Arkansas went on to win the national championship that season and Field picked the Fayetteville, Ark., university over Texas Tech and other Texas schools when recruiters came calling on him.
A quarterback in high school, Field was one of seven signal callers at Arkansas and soon found his place opposite the ball. He started games his sophomore, junior and senior seasons (1968-’70) at strong safety.
Field played in his own national championship game against Texas in 1969. The Longhorns won what’s sometimes called “The Game of the Century,” 15-14, on Dec. 6, 1969.
Arkansas scored first, moments after Field recovered a Texas fumble on the game’s second play from scrimmage.
“I had to go after it aggressively,” Field remembered last week in a telephone interview from his home in Los Angeles. “But I was just in the right place at the right time.”
Field was not on the field for the game’s biggest play, a 44-yard, fourth-down conversion pass that put Texas at Arkansas’ 13-yard line with less than five minutes to play. Texas scored the game-tying touchdown two players later, followed by the game-winning extra point.
“I’d hurt my knee a couple of plays before that,” Field said, so he watched the decisive drive from the sideline.
After his playing days, Field joined the coaching ranks, spending two seasons at Alabama and five years at Mississippi State before moving to UCLA in 1978.

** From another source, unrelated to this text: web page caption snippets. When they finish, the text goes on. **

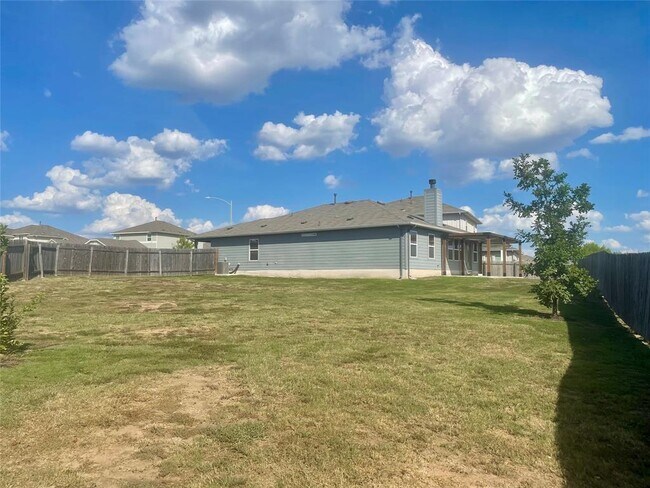 Building Photo - 6101 Arbor Crest Ln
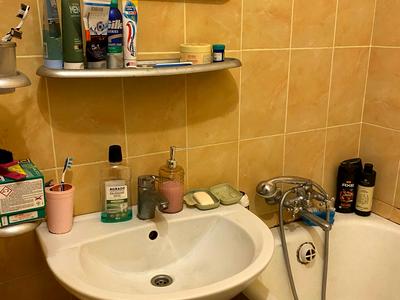 квартира за адресою Тараса Шевченка просп., 20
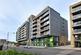 Caledonian Point, 34 Norman Road, Greewnich, London, SE10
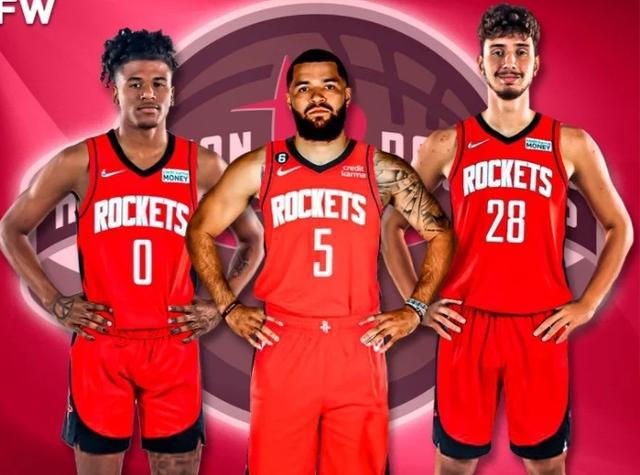 齐沃：足球是美丽的，我希望球员快乐，带着激情勇气微笑上场（齐沃谈足球之美：愿球员快乐，以激情与勇气微笑出场）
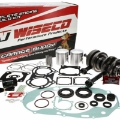 Picture of Wiseco 92-96 Garage Buddy Honda CR250R Crankshaft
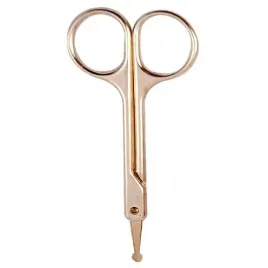 canpol-babies-nozyczki-dla-niemowlat-i-dzieci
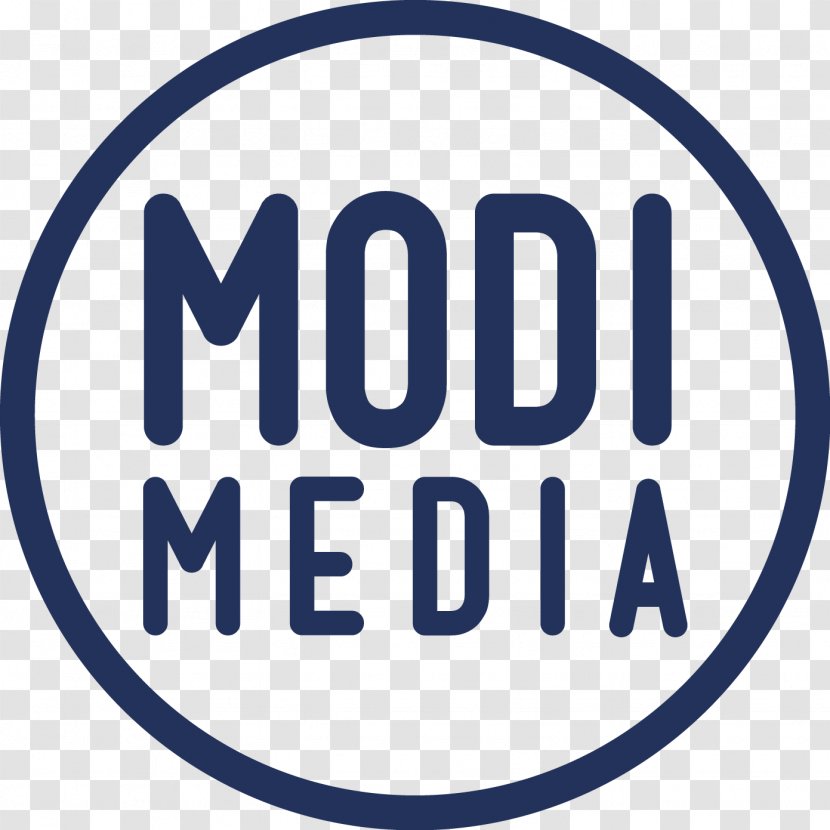 Logo GroupM Advertising Medicx Media Solutions Business - Narendra Modi Transparent PNG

He coached the Bruins’ defense 22 years before becoming an associate athletic director in 2001.
He retired in July.
“I wanted to retire while I still have good health and a lot of energy,” he said.
Field, 64, said he plans to remain busy and is looking into several post-coaching options; one group has asked him to help look at a “new model” for intercollegiate athletics.
Field said he’s interested in exploring ways for athletes to earn money without compromising the integrity of the amateur sports.